In fact, in the past three months, the president averaged 15.4 claims a day, so almost one-third of the total claims made as president have come in this period. At that pace, he will top 5,000 claims in September.
On July 5, the president had reached a new daily high of 79 false and misleading claims, but he came close on Aug. 30 with 73 claims, when he held a campaign rally and had an extended interview with Bloomberg News. On a monthly basis, June and August rank in first and second place during Trump's presidency, with 534 and 469 claims, respectively. July is in third place, with 448 claims.
Our award-winning interactive graphic, created with the help of Leslie Shapiro of The Washington Post’s graphics department, displays a running list of every false or misleading statement made by Trump.

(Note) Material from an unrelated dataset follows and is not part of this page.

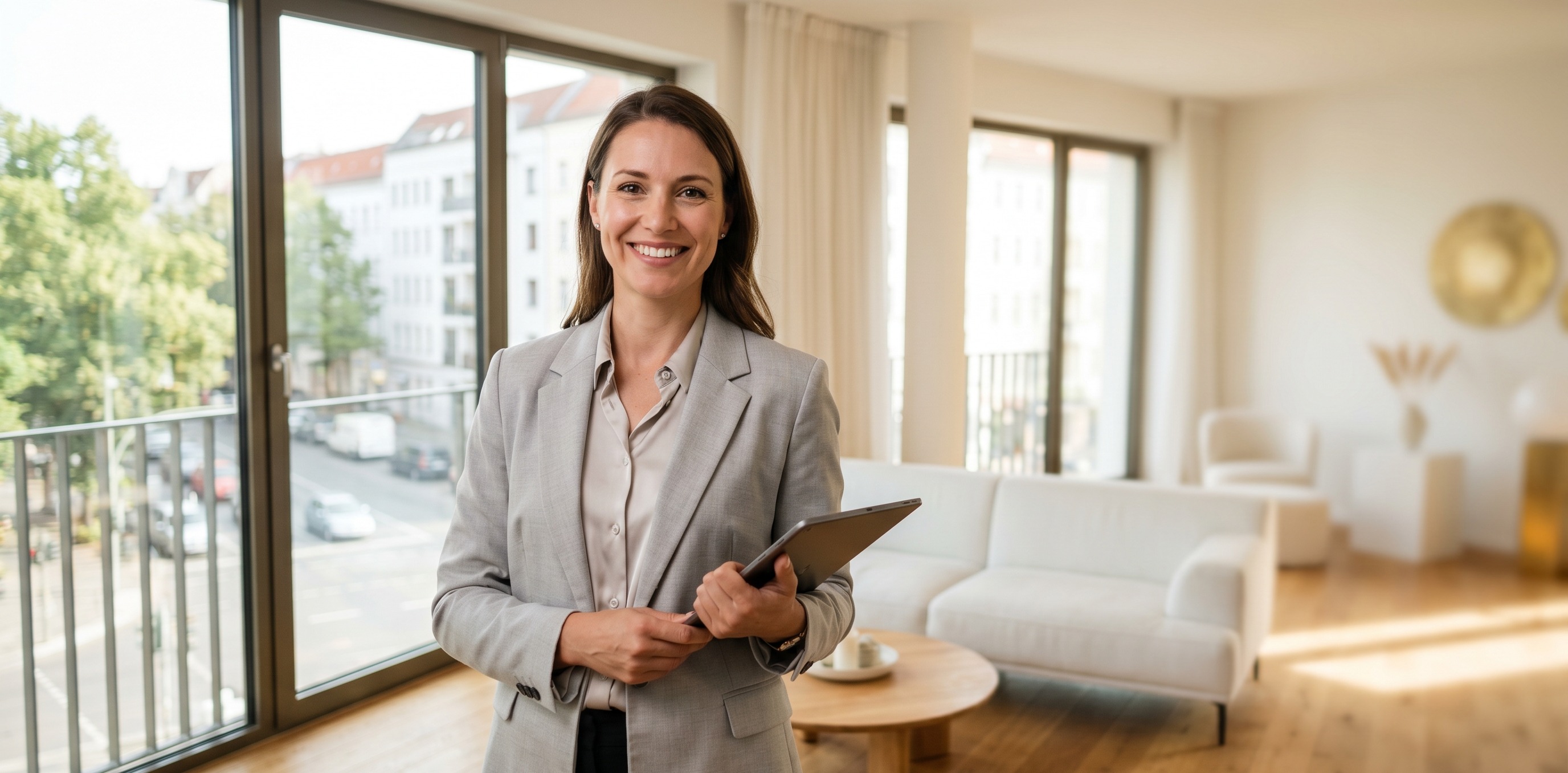 CREO Beraterin in einer modernen Berliner Wohnung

Trump has a proclivity to repeat, over and over, many of his false or misleading statements. We’ve counted nearly 160 claims that the president has repeated at least three times, some with breathtaking frequency.
Almost one third of Trump’s claims — 1,458 — relate to economic issues, trade deals or jobs. He frequently takes credit for jobs created before he became president or company decisions with which he had no role. He cites his “incredible success” in terms of job growth, even though annual job growth under his presidency has been slower than the last five years of Barack Obama’s term. Almost 40 times, he has claimed the economy today is the “greatest” in U.S. history, an absurd statement not backed up by data.
Just on trade, the president has made 496 false or misleading claims. He frequently gets the size of trade deficits wrong or presents the numbers in a misleading fashion. Five times in one week, he touted the false claim that the trade deficit fell by $52 billion from the first to the second quarter, calling it one of the “biggest wins” in the latest GDP report. In a somewhat unusual move, he stopped making this claim after we published a fact check showing his math was faulty.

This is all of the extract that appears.